In our New York Times ad commemorating the 20th anniversary of Pope John Paul’s papacy, we take note of the slander that has been heaped on the recently beatified Cardinal Stepinac. Leading the slanderous charges has been the Simon Wiesenthal Center in Los Angeles.

“In Croatia,” writes Rabbi Abraham Cooper of the Simon Wiesenthal Center, “you could draw a straight line between the behaviour of the government and the influence of the church.” This was said just in time to make the newspapers the day that the pope beatified Cardinal Stepinac.

How embarrassing it must have been for the rabbi, safely tucked away in L.A., to read what his fellow Jews in Croatia said about Cardinal Stepinac on his special day: they said they were “grateful” to him for saving the lives of many Jews. Indeed, Slavko Goldstein, leader of the Jews in Croatia, said “There is no question he saved hundreds of Jews and others.” And what does the good rabbi say about the evidence released by the Vatican that shows how the archbishop criticized the pro-Nazi Ustashe regime and how he intervened to save the Jews from death?

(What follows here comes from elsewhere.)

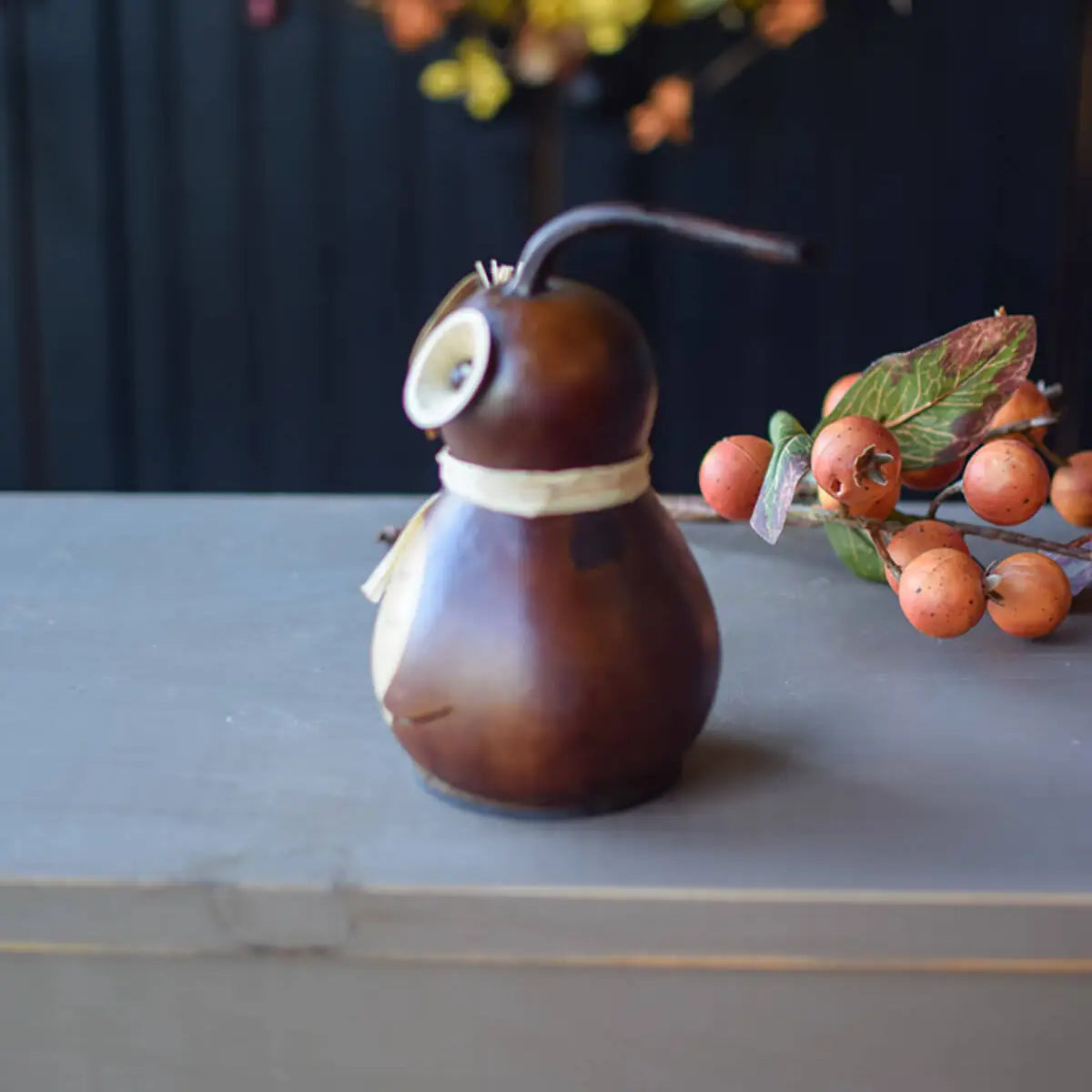 Professor Owl Gourd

This is not the first time that the Catholic League has clashed with the Simon Wiesenthal Center. Last summer, we wrote to the Simon Wiesenthal Center in Los Angeles protesting their labeling of Cardinal Stepinac as a “war criminal.” In a rather amazing letter, we were told that “in no place” does the Wiesenthal publication,Response, ever use the words “war criminal” to describe Stepinac. That this could be written as a serious response, when the very title of the article in question read, “Beatification of a War Criminal?, is a masterful example of denial that can only be called Clintonesque.

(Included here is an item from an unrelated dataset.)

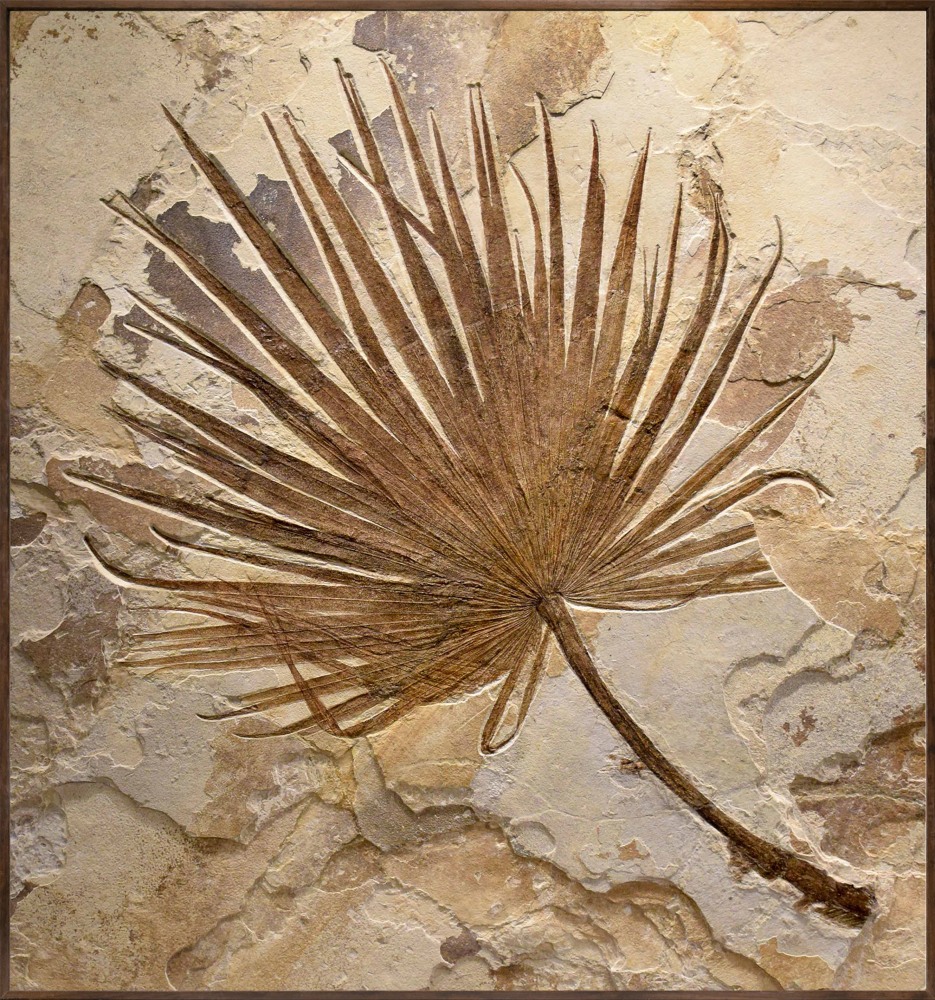 Fossil Palm Mural 3002gm (SOLD)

There is a need to hunt down Nazis and their collaborators, dead or alive; the same rule should apply to Communists who engaged in terror, though Nazi hunters generally have no stomach for such a venture. But when Nazi hunting becomes witch hunting—and that is exactly what the Simon Wiesenthal Center is guilty of—then a noble crusade descends to the level of an ignoble mission, the effect of which is to exculpate the truly guilty.

See our New York Times op-ed page ad on Pope John Paul II, reprinted in this issue, for more on Cardinal Stepinac.  It is time history gave him his due.